What to work on:
All of the records must be repeated exactly as they read.

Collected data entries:
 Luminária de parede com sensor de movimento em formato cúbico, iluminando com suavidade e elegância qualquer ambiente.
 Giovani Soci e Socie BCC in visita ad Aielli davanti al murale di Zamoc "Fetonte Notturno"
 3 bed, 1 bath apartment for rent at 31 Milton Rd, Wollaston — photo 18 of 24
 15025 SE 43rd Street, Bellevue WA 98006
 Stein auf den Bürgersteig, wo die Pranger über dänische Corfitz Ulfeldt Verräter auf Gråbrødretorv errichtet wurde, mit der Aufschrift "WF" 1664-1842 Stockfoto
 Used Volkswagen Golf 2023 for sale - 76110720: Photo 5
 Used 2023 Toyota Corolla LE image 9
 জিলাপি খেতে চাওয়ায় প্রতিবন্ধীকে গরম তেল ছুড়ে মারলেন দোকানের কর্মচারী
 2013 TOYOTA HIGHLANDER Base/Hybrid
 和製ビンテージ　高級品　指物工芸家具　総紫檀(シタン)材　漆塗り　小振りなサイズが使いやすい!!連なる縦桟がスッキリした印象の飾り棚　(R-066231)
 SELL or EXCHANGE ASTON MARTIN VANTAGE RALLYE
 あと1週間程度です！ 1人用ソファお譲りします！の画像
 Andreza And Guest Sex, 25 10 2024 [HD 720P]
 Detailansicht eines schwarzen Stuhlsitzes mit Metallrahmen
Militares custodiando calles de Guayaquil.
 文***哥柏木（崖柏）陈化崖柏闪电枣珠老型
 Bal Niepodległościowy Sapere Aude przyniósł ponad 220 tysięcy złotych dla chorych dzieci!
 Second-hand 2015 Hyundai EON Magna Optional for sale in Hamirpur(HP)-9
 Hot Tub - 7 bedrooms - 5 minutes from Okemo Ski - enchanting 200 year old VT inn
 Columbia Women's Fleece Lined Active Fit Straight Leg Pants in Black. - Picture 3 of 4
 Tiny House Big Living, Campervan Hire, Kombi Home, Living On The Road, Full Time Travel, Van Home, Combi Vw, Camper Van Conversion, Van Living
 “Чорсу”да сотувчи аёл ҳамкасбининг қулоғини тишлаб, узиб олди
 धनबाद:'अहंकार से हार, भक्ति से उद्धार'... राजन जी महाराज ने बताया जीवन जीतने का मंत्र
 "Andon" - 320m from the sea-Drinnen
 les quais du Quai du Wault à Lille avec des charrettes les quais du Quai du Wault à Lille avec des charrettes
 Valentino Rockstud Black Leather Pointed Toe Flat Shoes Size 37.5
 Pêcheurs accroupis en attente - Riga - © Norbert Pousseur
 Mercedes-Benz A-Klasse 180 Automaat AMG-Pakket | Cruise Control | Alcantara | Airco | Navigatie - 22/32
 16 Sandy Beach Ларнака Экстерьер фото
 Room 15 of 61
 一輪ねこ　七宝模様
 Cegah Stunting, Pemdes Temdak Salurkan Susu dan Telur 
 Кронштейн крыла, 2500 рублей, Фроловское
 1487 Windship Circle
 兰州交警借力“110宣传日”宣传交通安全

Expected answer:
 Luminária de parede com sensor de movimento em formato cúbico, iluminando com suavidade e elegância qualquer ambiente.
 Giovani Soci e Socie BCC in visita ad Aielli davanti al murale di Zamoc "Fetonte Notturno"
 3 bed, 1 bath apartment for rent at 31 Milton Rd, Wollaston — photo 18 of 24
 15025 SE 43rd Street, Bellevue WA 98006
 Stein auf den Bürgersteig, wo die Pranger über dänische Corfitz Ulfeldt Verräter auf Gråbrødretorv errichtet wurde, mit der Aufschrift "WF" 1664-1842 Stockfoto
 Used Volkswagen Golf 2023 for sale - 76110720: Photo 5
 Used 2023 Toyota Corolla LE image 9
 জিলাপি খেতে চাওয়ায় প্রতিবন্ধীকে গরম তেল ছুড়ে মারলেন দোকানের কর্মচারী
 2013 TOYOTA HIGHLANDER Base/Hybrid
 和製ビンテージ　高級品　指物工芸家具　総紫檀(シタン)材　漆塗り　小振りなサイズが使いやすい!!連なる縦桟がスッキリした印象の飾り棚　(R-066231)
 SELL or EXCHANGE ASTON MARTIN VANTAGE RALLYE
 あと1週間程度です！ 1人用ソファお譲りします！の画像
 Andreza And Guest Sex, 25 10 2024 [HD 720P]
 Detailansicht eines schwarzen Stuhlsitzes mit Metallrahmen
Militares custodiando calles de Guayaquil.
 文***哥柏木（崖柏）陈化崖柏闪电枣珠老型
 Bal Niepodległościowy Sapere Aude przyniósł ponad 220 tysięcy złotych dla chorych dzieci!
 Second-hand 2015 Hyundai EON Magna Optional for sale in Hamirpur(HP)-9
 Hot Tub - 7 bedrooms - 5 minutes from Okemo Ski - enchanting 200 year old VT inn
 Columbia Women's Fleece Lined Active Fit Straight Leg Pants in Black. - Picture 3 of 4
 Tiny House Big Living, Campervan Hire, Kombi Home, Living On The Road, Full Time Travel, Van Home, Combi Vw, Camper Van Conversion, Van Living
 “Чорсу”да сотувчи аёл ҳамкасбининг қулоғини тишлаб, узиб олди
 धनबाद:'अहंकार से हार, भक्ति से उद्धार'... राजन जी महाराज ने बताया जीवन जीतने का मंत्र
 "Andon" - 320m from the sea-Drinnen
 les quais du Quai du Wault à Lille avec des charrettes les quais du Quai du Wault à Lille avec des charrettes
 Valentino Rockstud Black Leather Pointed Toe Flat Shoes Size 37.5
 Pêcheurs accroupis en attente - Riga - © Norbert Pousseur
 Mercedes-Benz A-Klasse 180 Automaat AMG-Pakket | Cruise Control | Alcantara | Airco | Navigatie - 22/32
 16 Sandy Beach Ларнака Экстерьер фото
 Room 15 of 61
 一輪ねこ　七宝模様
 Cegah Stunting, Pemdes Temdak Salurkan Susu dan Telur 
 Кронштейн крыла, 2500 рублей, Фроловское
 1487 Windship Circle
 兰州交警借力“110宣传日”宣传交通安全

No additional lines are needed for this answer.